GIL: That’s interesting! No, I haven’t a clue about that! I’d never noticed the difference. It’s possible that when I delivered the painting the editors asked me to add that partial figure and later when the painting was returned to me I painted it out. But after 58 years I cannot remember!
Another thing I noticed about that one and other artwork you were doing for men’s adventure magazines is that it’s clearly your own style. A lot of the cover and interior illustrations other artists did for men’s adventure magazines the ‘50s and ‘60s had a very smooth, very realistic look. They were often sort of men’s adventure versions of Norman Rockwell realism. Your style was looser and more “arty,” more…
GIL: Painterly.
Yes. That’s the word. More painterly, less hyperrealistic, with more visible brushwork. It’s a very recognizable style.

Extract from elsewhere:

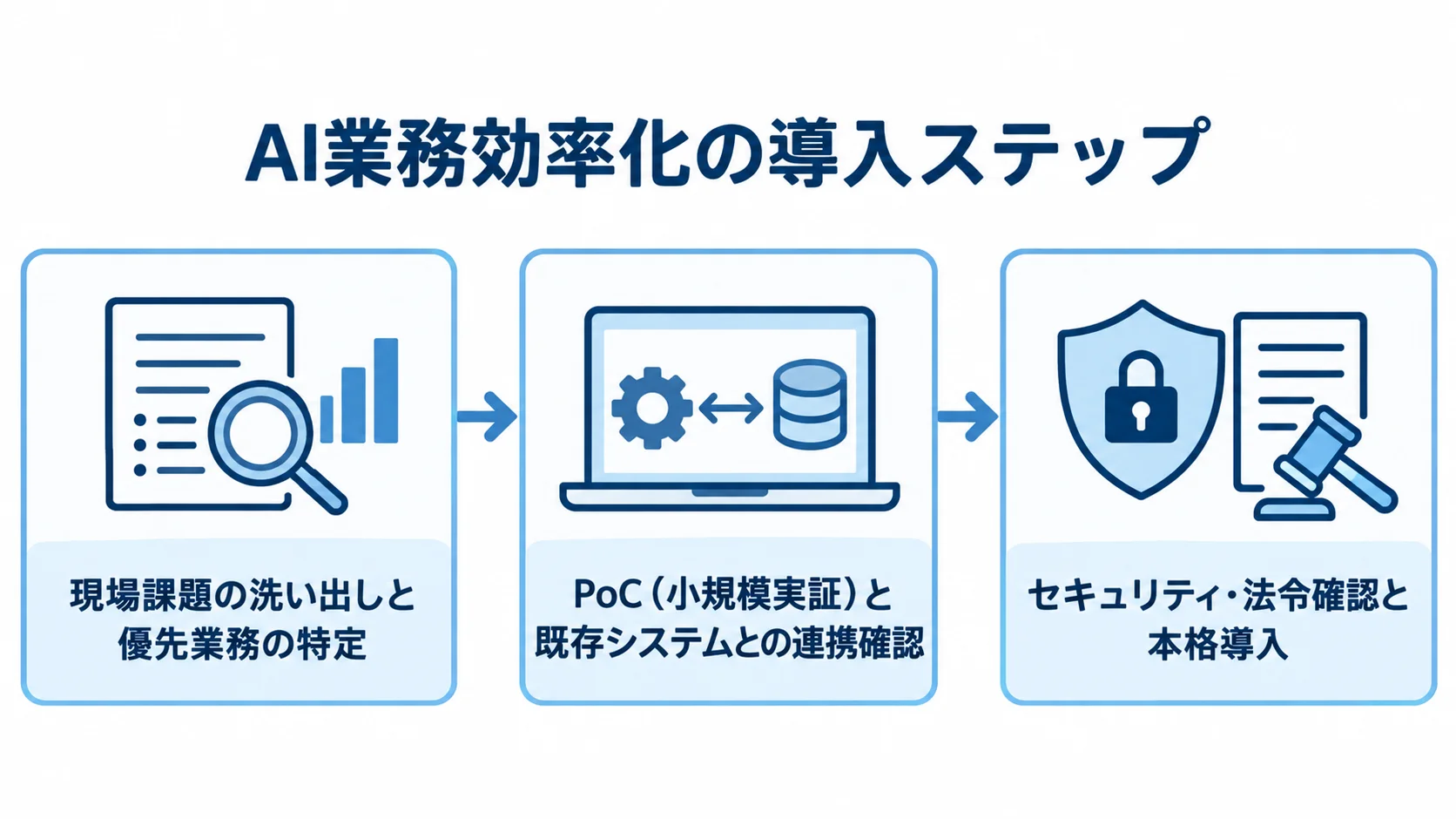 医療・介護のAI導入を進める3段階の図 現場課題と優先業務の特定、PoCと既存システムとの連携確認、セキュリティ・法令確認と本格導入の順に進む図解。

GIL: I appreciate that you recognize my style in those illustrations. In fact, regardless of the genre I did, and although my media and approach did change over time, I do have a recognizable style in my work. Not only in my painting technique, but also in composition. There’s a certain way I compose pictures. And, I think I still do it that way today, even in the aviation art I paint now. I always wanted to keep my work painterly, though sometimes, toward the end of my Mack Bolan period, some of those cover paintings got smoother. I use the word tighter. They got tighter. And that was fine for what was needed and popular at the time, so that was OK.

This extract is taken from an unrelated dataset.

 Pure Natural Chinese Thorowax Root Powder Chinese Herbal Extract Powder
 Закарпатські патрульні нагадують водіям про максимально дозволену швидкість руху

When I started doing aviation art for galleries and commissions years later, I wanted to get back to a more painterly style. So, I did, though I knew I couldn’t let it be too loose and painterly for an audience that likes paintings of planes and crews. That audience expects a certain amount of realism. But if you look at my original aviation artwork up close, you going to see a lot of brush strokes. If you back up a little bit, they begin to disappear. But when you get fairly close, you see the brush strokes and I don’t want to hide them. I don’t try to hide them. Because part of the energy that goes into my artwork is in those brush strokes. There’s an energy I want to see and be seen in those brush strokes. If I smooth them over too much, to me it dissipates the energy. I’m not talking about any other artist. I’m just talking about myself.
I think you were kind of on the cutting edge of a change that happened in MAM art in the early ‘60s. The ‘50s art was mostly Norman Rockwell style realism. In the 60s, more modern, more graphic arts like styles became common.

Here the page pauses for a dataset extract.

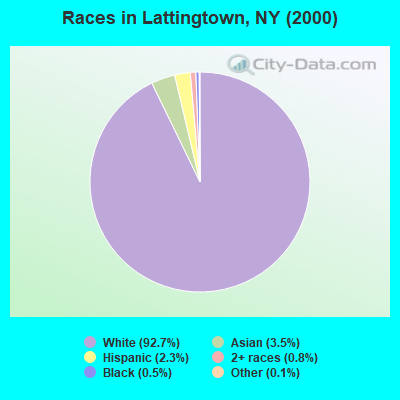 Races in Lattingtown, NY (2000)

GIL: Yeah, I think so, though I wasn’t all that conscious of it at the time. It just evolved. But whatever I did from the time I became a professional artist, which really goes back to 1953, right up to today, I am a lucky person, Bob, in that, no one ever got terribly rich as an illustration artist, but I enjoyed most- of what I did.
That’s sounds like a definition of success, to me.
GIL: It may be. And, you know, in more recent years, in the age of the internet, I have found out that some of my work has affected people and their lives in some way. And, I think, “Wow, that’s OK. It really is.” I don’t know how long I’m going to be living. I sure feel healthy now. More so than most 86-year-olds I think. And, I’ve enjoyed what I did. So, I’m lucky.